Shiv Mathur

Personal information
- Born: January 20, 2008 (age 18) Hong Kong, China
- Height: 177 cm (5 ft 10 in)
- Batting: Right-handed
- Bowling: Right arm Medium
- Role: Batsman

International information
- National side: Hong Kong;
- T20I debut: September 19 2023 v Malaysia
- T20I shirt no.: 19
- Source:

= Shiv Mathur =

Hong Kong cricketer

Shiv Mathur (born 20 January 2008) is a Hong Kong cricketer. He captained the Hong Kong U16 National Team in 2023, and went on to become the Hong Kong U19 National Team Captain. He became the youngest player to ever make their debut for the Hong Kong Mens National Side in 2023, playing in the 19th Asian Games in Hangzhou.

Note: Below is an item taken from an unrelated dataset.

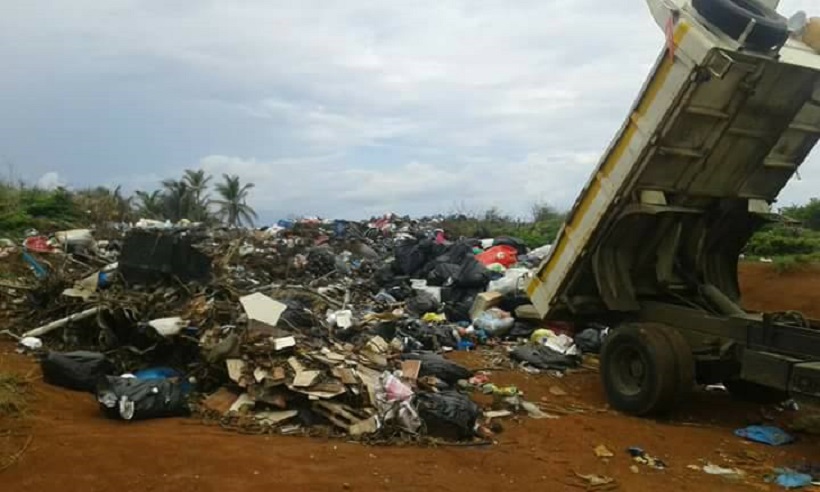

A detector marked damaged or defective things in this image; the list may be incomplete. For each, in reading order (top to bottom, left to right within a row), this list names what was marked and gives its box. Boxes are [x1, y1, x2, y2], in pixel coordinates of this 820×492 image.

broken wood piece [23, 308, 99, 338]
broken wood piece [312, 402, 380, 436] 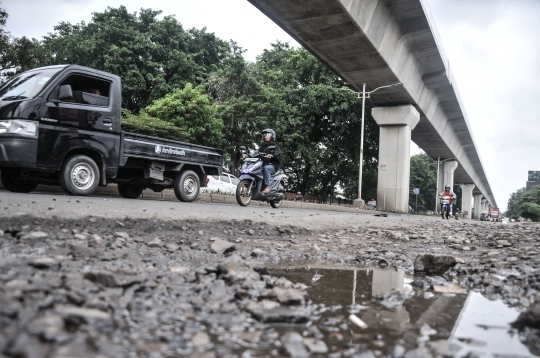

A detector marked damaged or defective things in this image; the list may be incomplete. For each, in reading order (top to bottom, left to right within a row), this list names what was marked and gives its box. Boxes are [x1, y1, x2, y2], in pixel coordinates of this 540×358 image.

Since then, he has regularly represented the Hong Kong Mens and U19 Sides in tournaments and series.

== Career ==
Mathur made his T20I debut against Malaysia on September 19, 2023, and has since represented Hong Kong in several international tournaments, including the 19th Asian Games and the DP World Asia Cup Rising Stars 2025. He has also captained the Hong Kong U19 team in the ICC U19 World Cup Qualifiers, and the ACC U19 Premier Cup.